Les différents saignements (possibles) du cycle
On observe parfois différents types de saignements dans un même cycle. Outre les saignements qui peuvent découler de la pose d’un stérilet dans les premiers mois, d’une nouvelle pilule ou d’un arrêt de celle-ci, quels sont les types de saignements que l’on peut rencontrer dans un cycle et leur signification ?
Le spotting autour de l’ovulation
Il s’agit de saignements très discrets que vous retrouvez dans votre culotte ou sur votre papier toilette, de couleur pâle (rosé, rouge clair, marron clair) car il est mélangé à de la glaire cervicale. Il intervient toujours juste avant ou pendant l’ovulation, et peut être lié à la rupture du follicule dominant qui, n en libérant son ovocyte, peut rompre des vaisseaux.
Cela peut aussi être dû aux variations hormonales qui se produisent lors de l’ovulation : après une montée franche des oestrogènes, ces derniers chutent et la progestérone domine. Une partie subtile de muqueuse ayant proliféré sous l’action des oestrogène qui chutent peut alors s’éliminer à ce moment là. Rien d’anormal.
Le spotting entre l’ovulation et les règles
Lorsqu’il a lieu plusieurs jours après l’ovulation et se manifeste avant l’arrivée des règles, il s’agit très souvent d’une dysovulation, c’est à dire une ovulation de mauvaise qualité. En effet, une mauvaise ovulation donne lieu, la majeure partie du temps, à un corps jaune produisant de la progestérone en quantité insuffisante pour maintenir l’endomètre en place et accueillir un éventuel embryon. Résultat : l’endomètre censé être maintenu en place par la progestérone commence à saignotter prématurément. Ce type de spotting doit donc vous mettre la puce à l’oreille : s’il se produit trop fréquemment durant vos cycles, n’hésitez pas à consulter.
Les règles
Elles font obligatoirement suite à l’ovulation, et résultent de l’effondrement hormonal qui a lieu quelques temps avant leur apparition. L’endomètre qui s’était épaissi et densifié tout le long du cycle et n’ayant pas vocation à accueillir un embryon puisqu’il n’y a pas eu de fécondation, voit ses parois desquamer.
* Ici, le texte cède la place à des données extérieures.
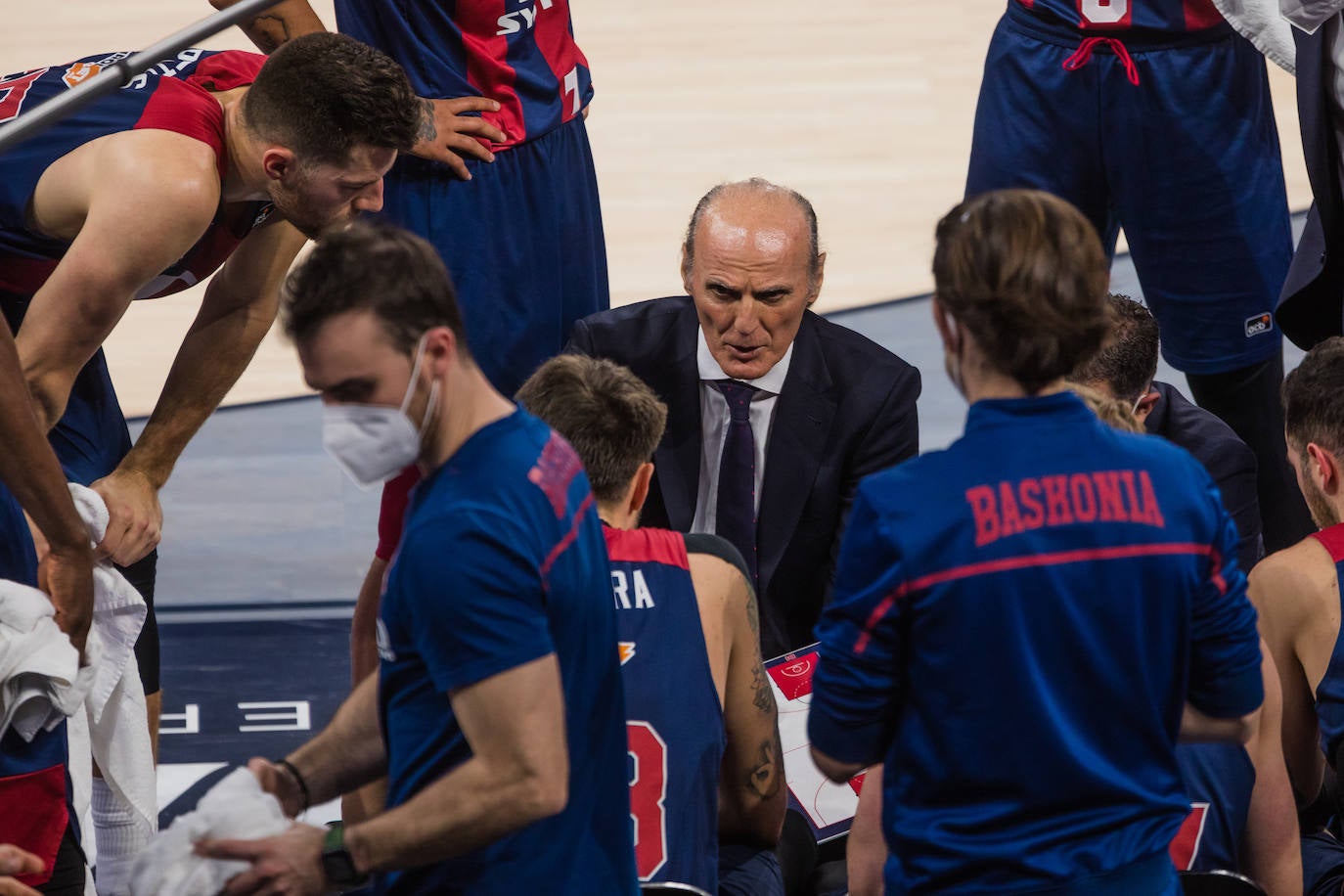 Fotos: Las mejores imágenes del TD Systems Baskonia - Casademont Zaragoza de la Liga Endesa 2021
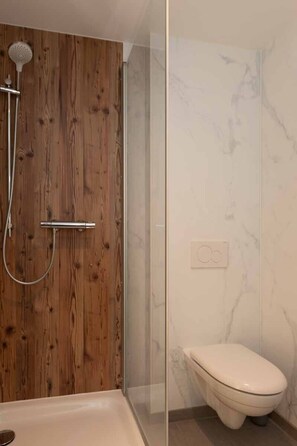 Gemeinsamer Basic-Schlafsaal, eigenes Bad, Bergblick | Badezimmer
Les saignements de privation hormonale
Ce sont des saignements qui ressemblent aux règles, mais qui n’en sont pas. En effet, ils résultent d’une privation hormonale, sans processus ovulatoire. C’est ce qui arrive lorsque l’on prend la pilule oestro-progestative laquelle bloque l’ovulation mais vous donne quand même des saignements le temps des comprimés placebo (ou durant le temps où vous ne prenez pas de comprimés, selon la posologie indiquée par votre médecin), ou quand le corps a tenté en vain d’ovuler naturellement dans un cycle naturel, mais sans y parvenir (cycle anovulatoire) et finit tout de même par saigner. Pour vérifier si vous avez ovulé, vous pouvez utiliser des tests d’ovulation, en gardant à l’esprit que leur fiabilité diffère beaucoup selon les marques. Vous pouvez aussi utiliser une méthode d’observation du cycle (M.O.C) mais il faut se former pour cela, surtout si vous souhaitez l’utiliser comme moyen de contraception.
Les spottings de nidation ou d’implantation
Ceux-là peuvent se produire plusieurs jours après une fécondation, généralement entre le 6ème et le 12ème jour après la conception. Leur présence est normale et n’indique pas un problème, sauf si les saignements sont intenses ou se prolongent, ce qui doit vous amener à consulter.
En règle générale : ne prenez pas à la légère un saignement qui se répète et qui intervient en dehors d’une durée normale de règles, mais aussi avant la puberté ou la ménopause. Certains saignements peuvent en effet être liés à des infections, des IST (infections sexuellement transmissibles), à la présence de fibrome ou de polype (lesquels ne sont pas rares et sont bien pris en charge par le corps médical), à de l’adénomyose ou de l’endométriose. N’hésitez pas vous tourner vers votre médecin lequel sera habilité à vous aider.